WHAT IS NEEDED.
Lines before the one with "8808 Copper Oaks Ln Fort Smith, AR 72903" are left out; return that line and all that follow it, exactly, through the end of the data.

DATA SUPPLIED.
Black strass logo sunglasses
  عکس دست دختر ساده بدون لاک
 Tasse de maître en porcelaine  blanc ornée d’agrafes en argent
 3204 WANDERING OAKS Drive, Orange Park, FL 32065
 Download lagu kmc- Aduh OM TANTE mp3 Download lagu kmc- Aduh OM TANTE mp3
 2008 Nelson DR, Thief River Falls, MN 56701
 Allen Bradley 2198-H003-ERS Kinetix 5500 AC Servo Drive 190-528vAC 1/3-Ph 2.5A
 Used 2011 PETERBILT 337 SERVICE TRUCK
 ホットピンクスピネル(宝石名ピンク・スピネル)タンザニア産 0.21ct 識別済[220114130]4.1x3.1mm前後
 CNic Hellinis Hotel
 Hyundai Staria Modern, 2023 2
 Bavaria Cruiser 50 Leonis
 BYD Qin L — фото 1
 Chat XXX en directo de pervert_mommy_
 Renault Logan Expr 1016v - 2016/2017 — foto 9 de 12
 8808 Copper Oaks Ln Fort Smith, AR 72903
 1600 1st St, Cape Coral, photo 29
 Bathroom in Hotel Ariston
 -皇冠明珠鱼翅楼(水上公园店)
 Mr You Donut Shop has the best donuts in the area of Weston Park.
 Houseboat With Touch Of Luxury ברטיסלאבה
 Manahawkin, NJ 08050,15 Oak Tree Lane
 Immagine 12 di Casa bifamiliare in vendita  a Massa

YOUR SOLUTION.
 8808 Copper Oaks Ln Fort Smith, AR 72903
 1600 1st St, Cape Coral, photo 29
 Bathroom in Hotel Ariston
 -皇冠明珠鱼翅楼(水上公园店)
 Mr You Donut Shop has the best donuts in the area of Weston Park.
 Houseboat With Touch Of Luxury ברטיסלאבה
 Manahawkin, NJ 08050,15 Oak Tree Lane
 Immagine 12 di Casa bifamiliare in vendita  a Massa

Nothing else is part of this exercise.